# Scalable Diffusion Models with Transformer (DiT)

This notebook samples from pre-trained DiT models. DiTs are class-conditional latent diffusion models trained on ImageNet that use transformers in place of U-Nets as the DDPM backbone. DiT outperforms all prior diffusion models on the ImageNet benchmarks.

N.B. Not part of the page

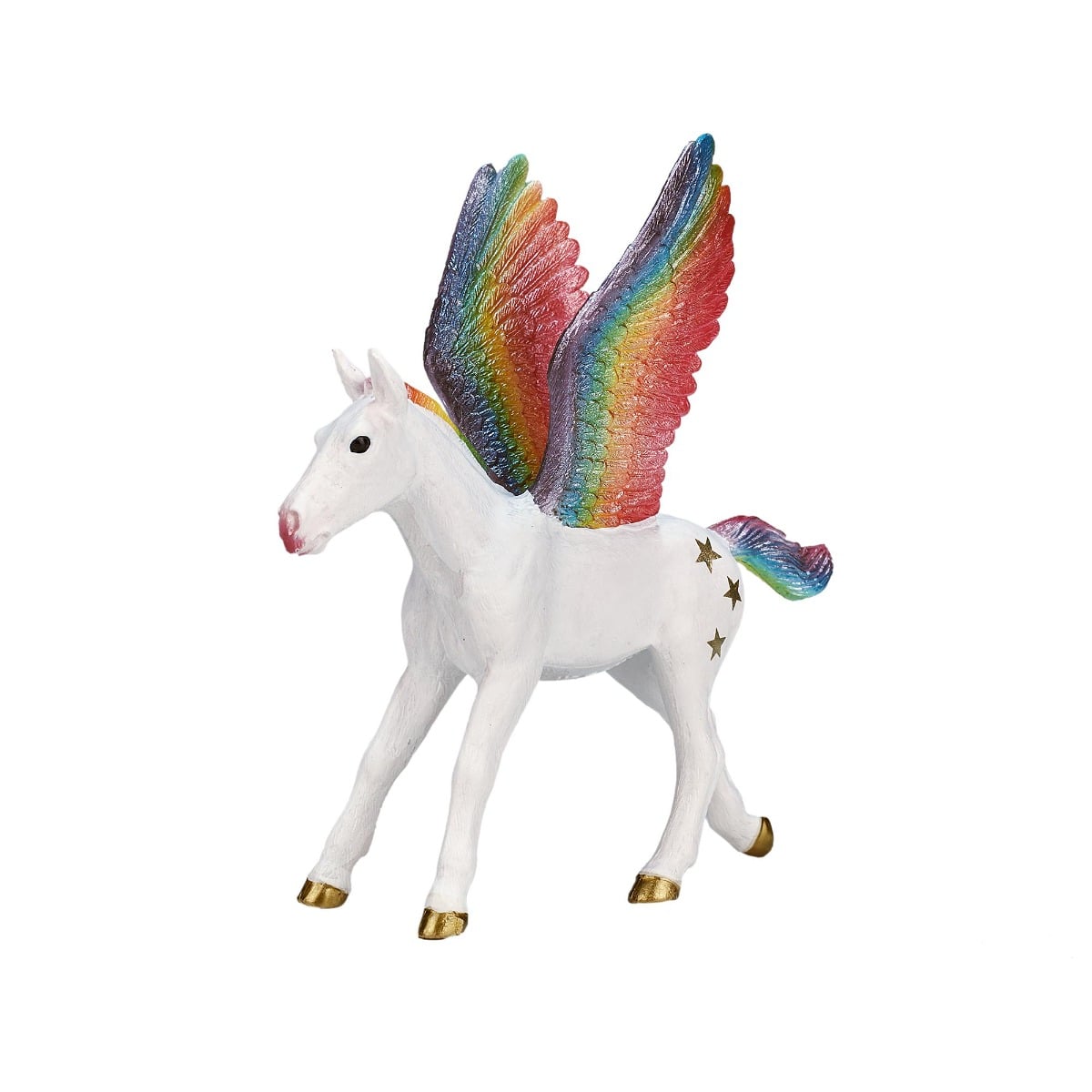 Figurina Mojo Pui Pegasus Rainbow | Jucărie Decorativă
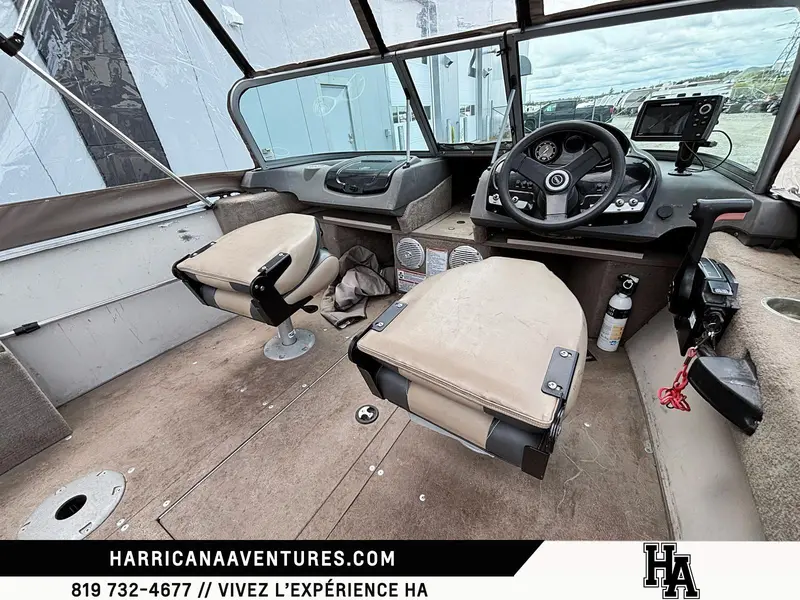 Princecraft AMAROK 166 DL WS NOIR / MERCURY 75HP 2016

[Project Page](https://www.wpeebles.com/DiT) | [HuggingFace Space](https://huggingface.co/spaces/wpeebles/DiT) | [Paper](http://arxiv.org/abs/2212.09748) | [GitHub](github.com/facebookresearch/DiT)

# 1. Setup

We recommend using GPUs (Runtime > Change runtime type > Hardware accelerator > GPU). Run this cell to clone the DiT GitHub repo and setup PyTorch. You only have to run this once.

In [2]:
!git clone https://github.com/facebookresearch/DiT.git
import DiT, os
os.chdir('DiT')
os.environ['PYTHONPATH'] = '/env/python:/content/DiT'
!pip install diffusers timm --upgrade
# DiT imports:
import torch
from torchvision.utils import save_image
from diffusion import create_diffusion
from diffusers.models import AutoencoderKL
from download import find_model
from models import DiT_XL_2
from PIL import Image
from IPython.display import display
torch.set_grad_enabled(False)
device = "cuda" if torch.cuda.is_available() else "cpu"
if device == "cpu":
    print("GPU not found. Using CPU instead.")

Cloning into 'DiT'...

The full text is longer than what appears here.